@A J Stiles
I'm generally in favour of open source myself, and I agree with a lot of what you're saying, but some of what you've said seems unsupportable to me.
"Open Source authors, therefore, absolutely will *not* be held liable for anything that happens as a consequence of people running code they have written"
This would very much depend on how the law ends up being written. Open source authors certainly *should* not be held liable, for the reasons you cite, but that ain't necessarily what will happen.
"Authors of freeware -- software which is distrubuted gratis but as binary executables only -- would, however, be in exactly the position that you describe. And shed them no tears; if they are giving away binary executables gratis, they would have nothing to lose by giving away the Source Code as well."
Well, that depends. For example, what if the code was written based on information received under NDA, or includes 3rd-party source code the author is not free to redistribute?
"I would stand to gain precisely nothing by concealing it anyway; because what any program is supposed to do is evident, and somebody else could always write their own program to do the same thing"

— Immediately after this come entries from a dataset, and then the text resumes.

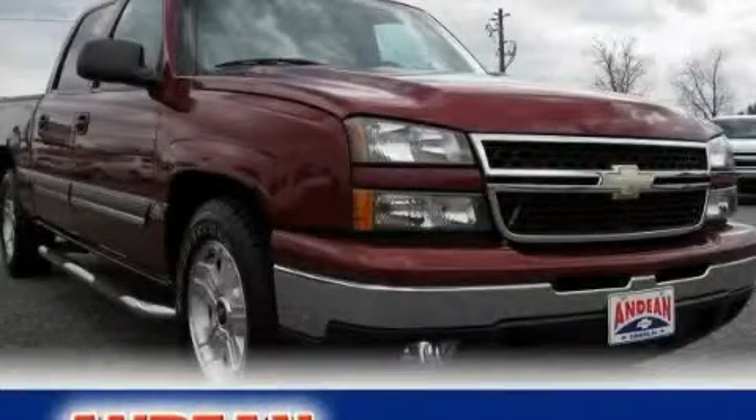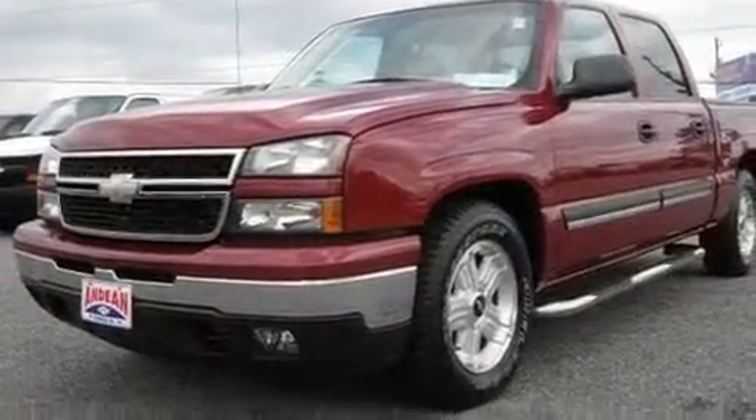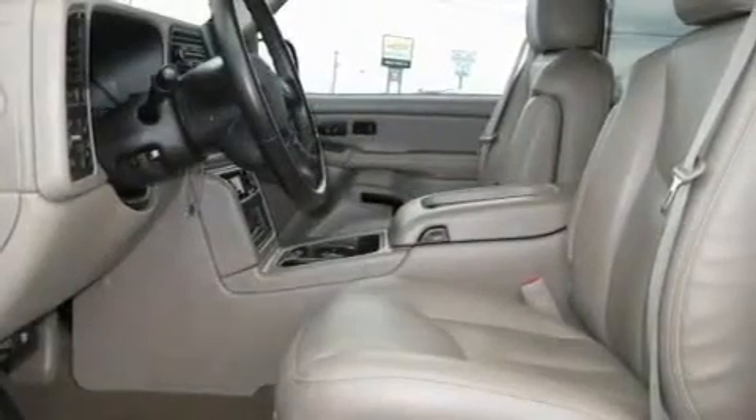This is a 2007 Chevrolet Silverado, strong, durable, and dependable. It features a 5.3-liter, eight-cylinder engine and a four-speed automatic transmission.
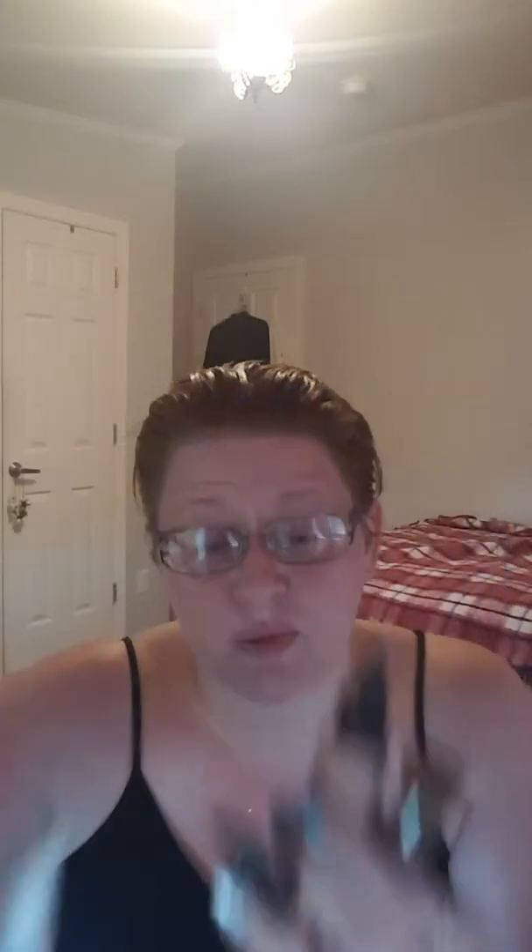The primer is $39. You're also going to get the concealer — a $29 value. And to put all these products on, the liquid foundation brush.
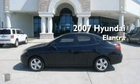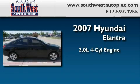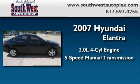This is a 2007 Hyundai Elantra. It has a 2.0-liter four-cylinder engine and a five-speed manual transmission.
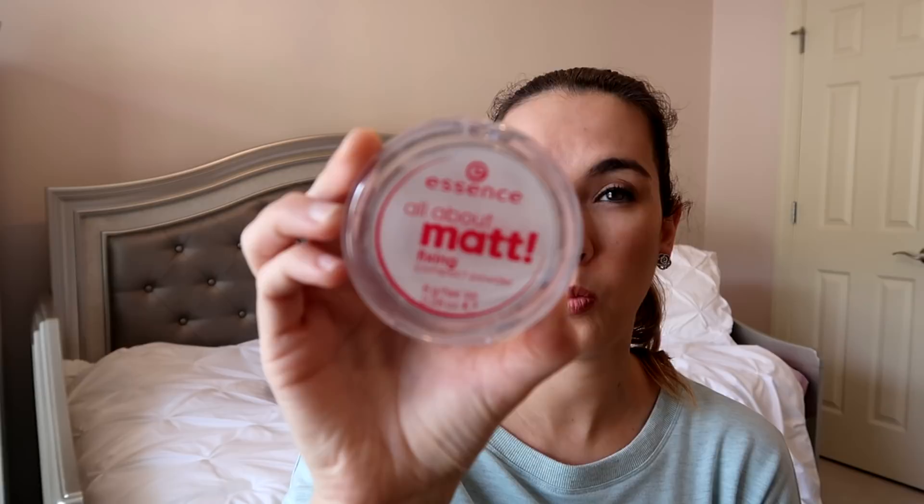Then I have the Essence All About Matte Fixing Compact Powder — this is one of my favorite everyday makeup powders to set my foundation. It looks stark white but it's actually translucent when you apply it to skin, and it's very affordable. I use this on an everyday basis. On days I want to be a little fancy, I use my Hourglass Dim Light Ambient Lighting Powder.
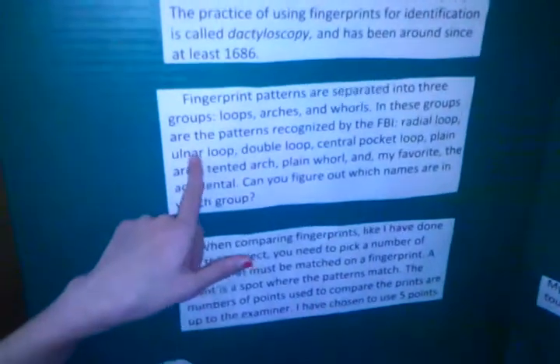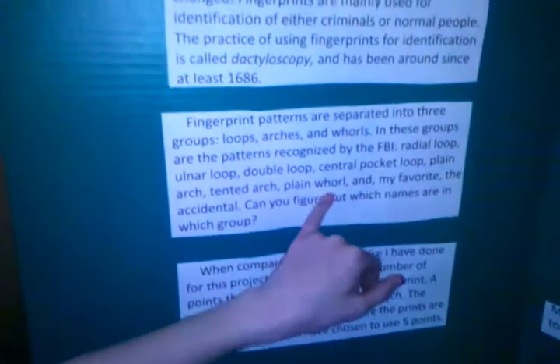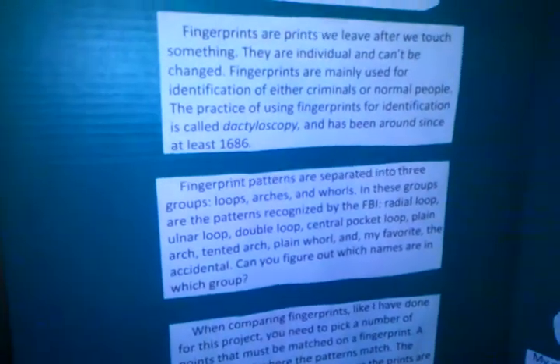The radial loop, ulnar loop, double loop, central pocket loop, plain arch, tented arch, plain whorl, and my favorite, the accidental, which is put in the whorls.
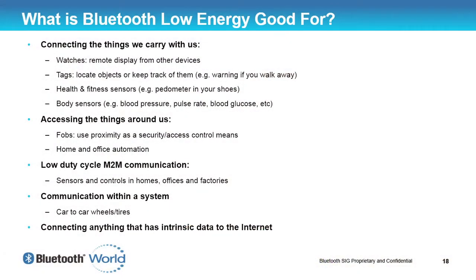We could tag objects — asset tagging, things that people lose all the time. Every month we get a number of emails around CSR, for example, asking who's stolen the oscilloscope. Why not just tag that oscilloscope, put a Bluetooth Low Energy device on it, have little sensors around the building that say where that oscilloscope has gone. They've nicked it.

What the program is supposed to do might be evident, but HOW it does it often isn't. Even if you have both the "what" and the "how", it still takes time to design and construct the software. By concealing their source code, proprietary software companies gain quite a lot; their competitors (open source or otherwise) will need to invest considerable time and human resources to catch up. You're not seriously asserting that this isn't the case, are you?